Let’s start by taking a look at the history and current state of the Hungarian language.
📜 How old is Hungarian? 🔗
The first written records in Hungarian date to the 10th century; however, the first full text in Hungarian that remains undestroyed to this day was written in the 1190s. Are you wondering if this text can still be understood by contemporary Hungarian speakers? Well, probably not.
The orthography, grammar, and vocabulary have changed so much throughout the centuries that most current speakers couldn’t even read it out loud and would need a “translation” to understand it. For example, the original Hungarian language had diphthongs and used six verb tenses. The diphthongs were lost over time, and today only two or three verb tenses are used.

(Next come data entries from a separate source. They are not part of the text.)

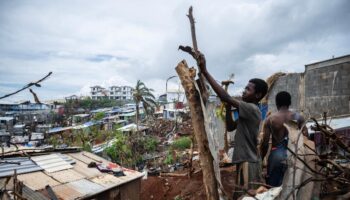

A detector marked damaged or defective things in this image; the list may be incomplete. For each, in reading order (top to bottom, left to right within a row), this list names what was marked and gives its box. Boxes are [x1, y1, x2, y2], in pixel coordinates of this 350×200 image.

broken timber beam [175, 59, 219, 200]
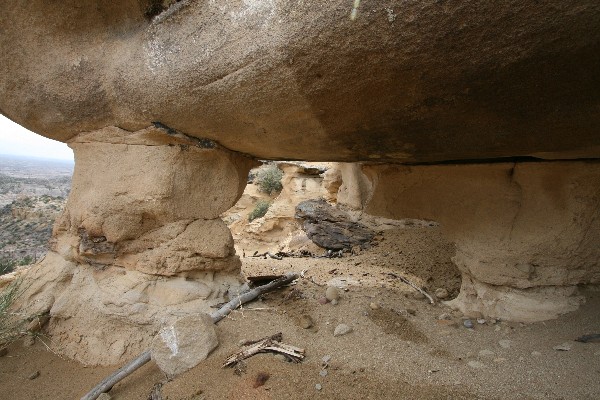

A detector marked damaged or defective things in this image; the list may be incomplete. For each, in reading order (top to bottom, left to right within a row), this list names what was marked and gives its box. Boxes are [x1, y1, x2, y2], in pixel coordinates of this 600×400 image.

broken wood piece [386, 274, 434, 304]
broken wood piece [81, 272, 300, 400]
broken wood piece [223, 332, 304, 368]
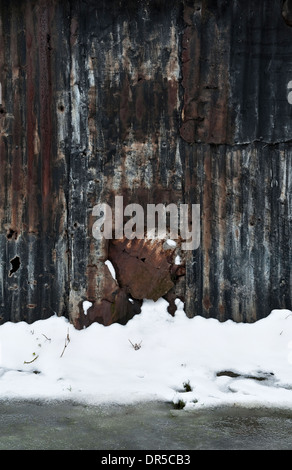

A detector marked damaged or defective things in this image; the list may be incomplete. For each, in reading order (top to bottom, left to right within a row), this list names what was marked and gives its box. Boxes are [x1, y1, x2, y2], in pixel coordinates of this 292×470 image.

rusted metal panel [0, 0, 290, 326]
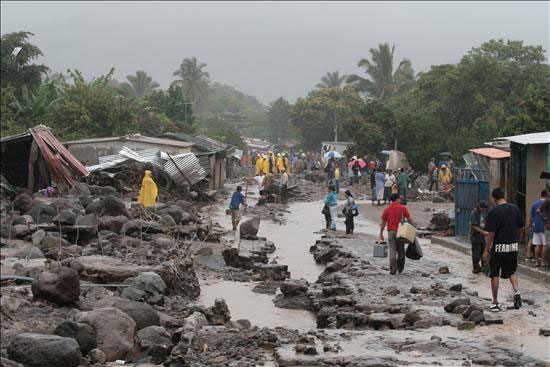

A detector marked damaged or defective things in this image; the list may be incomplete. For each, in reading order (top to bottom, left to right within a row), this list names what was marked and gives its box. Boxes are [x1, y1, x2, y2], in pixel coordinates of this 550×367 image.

damaged house [0, 125, 89, 193]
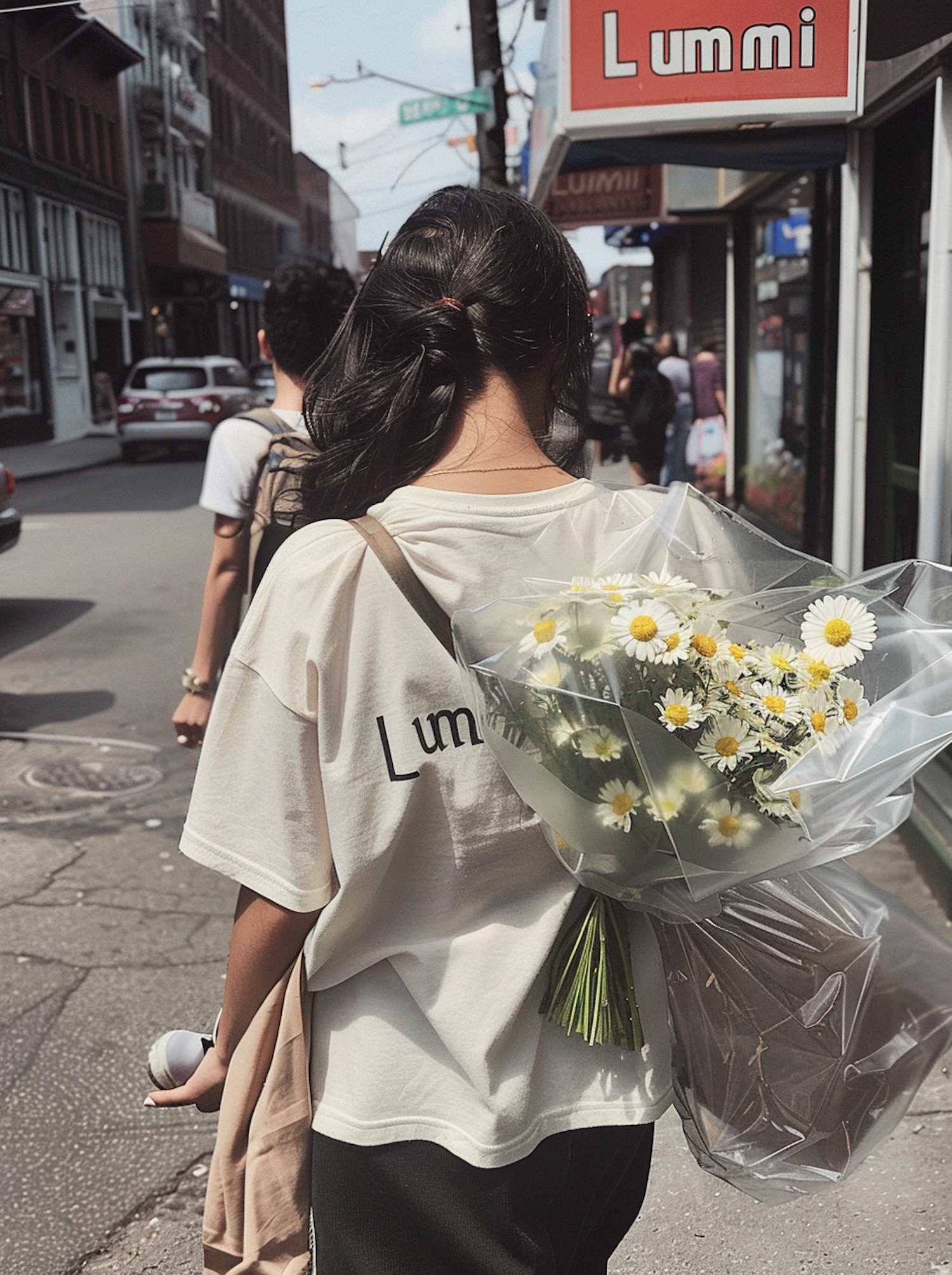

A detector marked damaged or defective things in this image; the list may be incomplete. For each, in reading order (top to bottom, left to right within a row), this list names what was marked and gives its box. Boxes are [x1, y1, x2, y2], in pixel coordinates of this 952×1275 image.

cracked pavement [1, 461, 952, 1274]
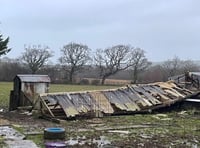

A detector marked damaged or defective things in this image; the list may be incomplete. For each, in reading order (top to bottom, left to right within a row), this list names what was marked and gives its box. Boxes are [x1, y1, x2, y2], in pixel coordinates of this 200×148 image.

🗺️ Where is Hungarian spoken? 🔗
With approximately 13 million speakers, Hungarian is the most widely spoken non-Indo-European language in Europe and occupies the 12th place on the list of the most populous European languages. It goes without saying that Hungarian is the oﬃcial language of the Republic of Hungary, but fewer people know that it is also the official language of the Autonomous Province of Vojvodina, as well as of three municipalities in Slovenia and that it has approximately four million speakers from outside of Hungary. How come? To answer this question, we have to have a look at the history.
As a result of the Treaty of Trianon in 1920, Hungary lost 71% of its territory, and one-third of Greater Hungary’s population ended up as citizens of the neighboring states: Austria, Croatia, Ukraine, Romania, Serbia, Slovenia, and Slovakia. Today, the Hungarian language is ofﬁcially recognized as a minority or regional language in all these countries, with the largest community, comprising approximately 1.5 million speakers, located in Transylvania, Romania.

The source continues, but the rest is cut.